**WORK TO COMPLETE:** Transcribe word for word each line from the one containing "Torebka Damska Pikowana, Mała" to the final line of the data, both included. Skip the pictures.

[Captioned web image data]
═══

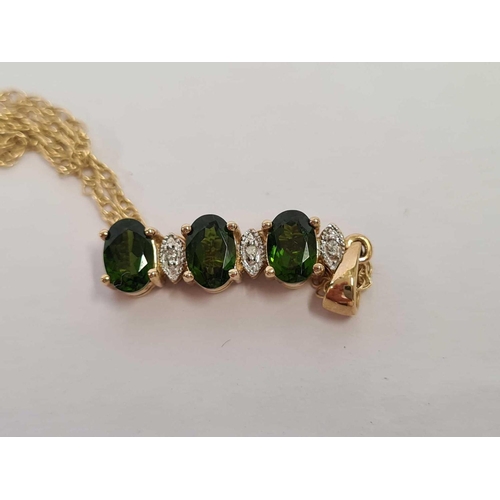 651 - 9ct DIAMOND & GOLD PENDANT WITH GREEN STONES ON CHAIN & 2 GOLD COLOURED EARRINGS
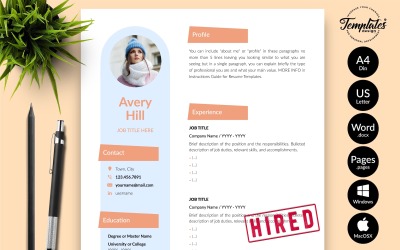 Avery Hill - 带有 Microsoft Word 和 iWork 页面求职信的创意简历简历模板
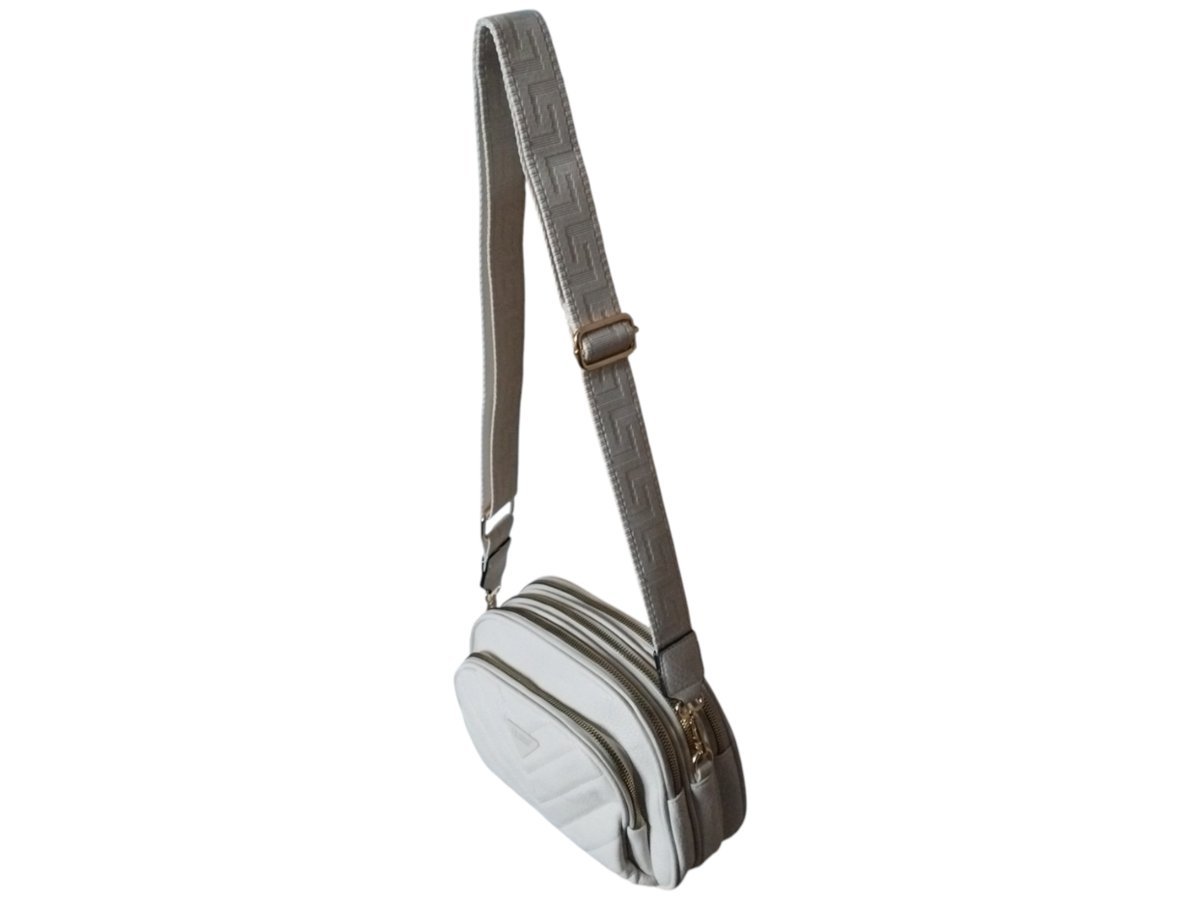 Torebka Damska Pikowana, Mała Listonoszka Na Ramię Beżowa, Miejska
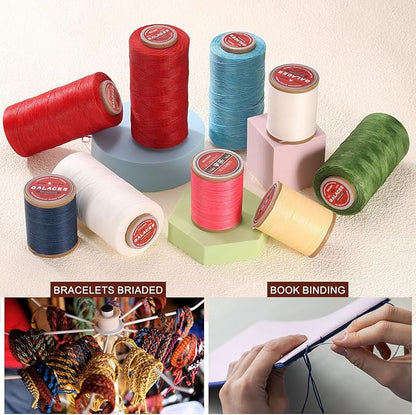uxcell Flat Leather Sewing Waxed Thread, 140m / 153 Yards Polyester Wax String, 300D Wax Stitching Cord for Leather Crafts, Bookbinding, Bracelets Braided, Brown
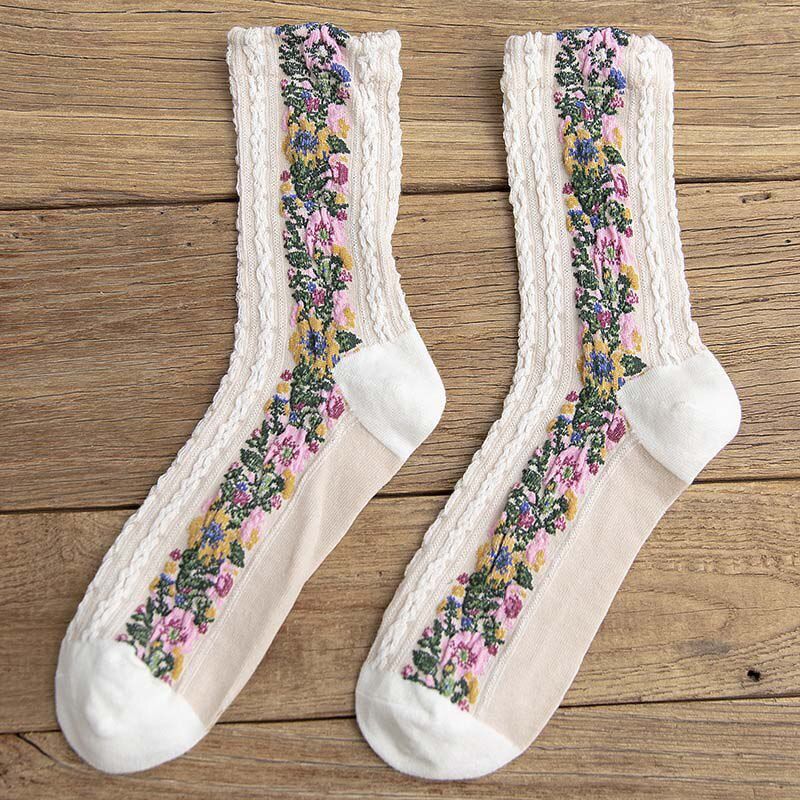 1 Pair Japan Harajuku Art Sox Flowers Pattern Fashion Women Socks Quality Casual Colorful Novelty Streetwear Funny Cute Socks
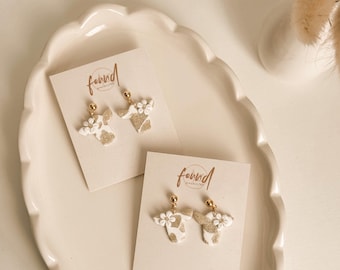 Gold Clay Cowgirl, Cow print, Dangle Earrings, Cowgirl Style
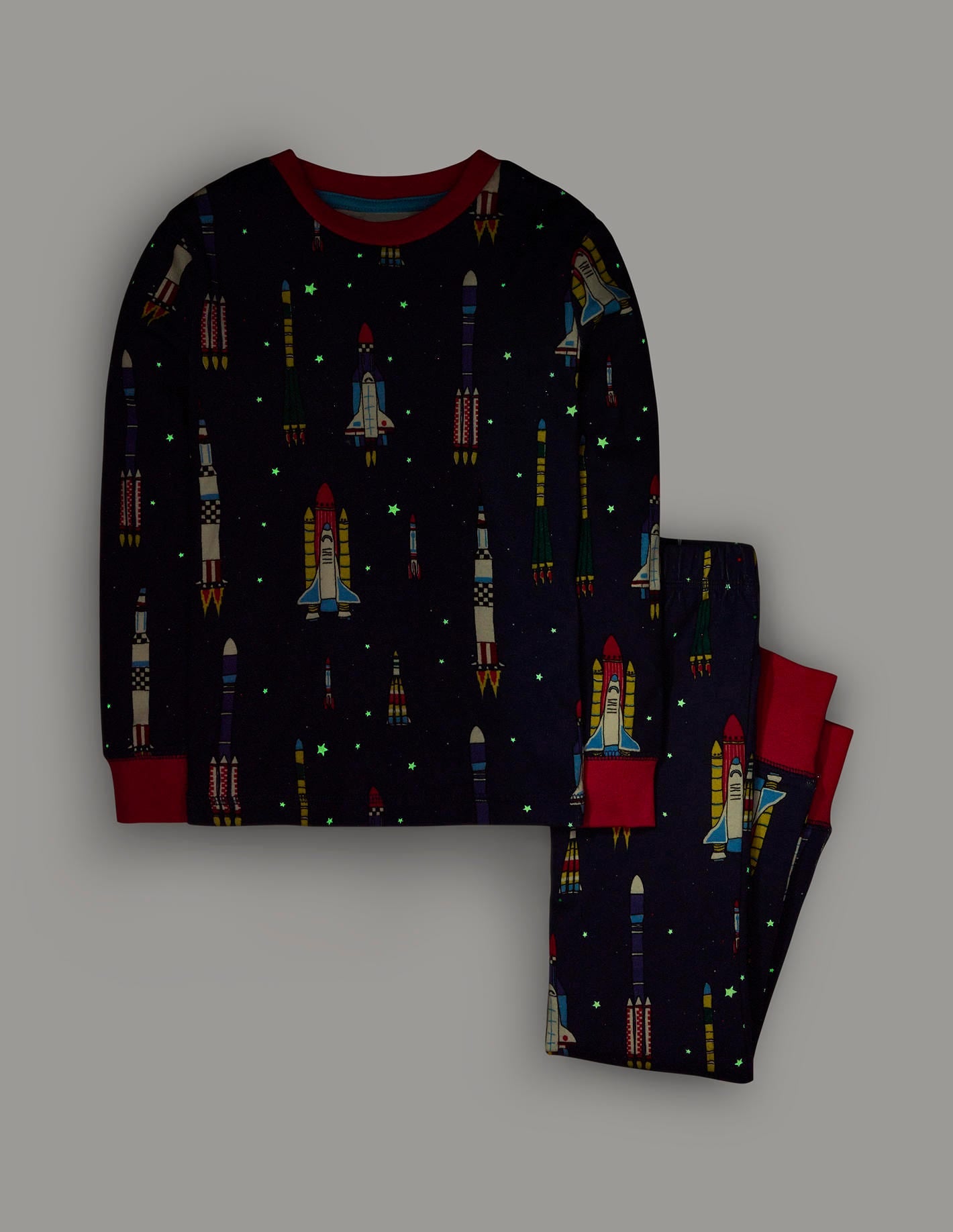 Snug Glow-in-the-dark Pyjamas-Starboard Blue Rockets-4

═══

**SOLUTION:**
 Torebka Damska Pikowana, Mała Listonoszka Na Ramię Beżowa, Miejska
uxcell Flat Leather Sewing Waxed Thread, 140m / 153 Yards Polyester Wax String, 300D Wax Stitching Cord for Leather Crafts, Bookbinding, Bracelets Braided, Brown
 1 Pair Japan Harajuku Art Sox Flowers Pattern Fashion Women Socks Quality Casual Colorful Novelty Streetwear Funny Cute Socks
 Gold Clay Cowgirl, Cow print, Dangle Earrings, Cowgirl Style
 Snug Glow-in-the-dark Pyjamas-Starboard Blue Rockets-4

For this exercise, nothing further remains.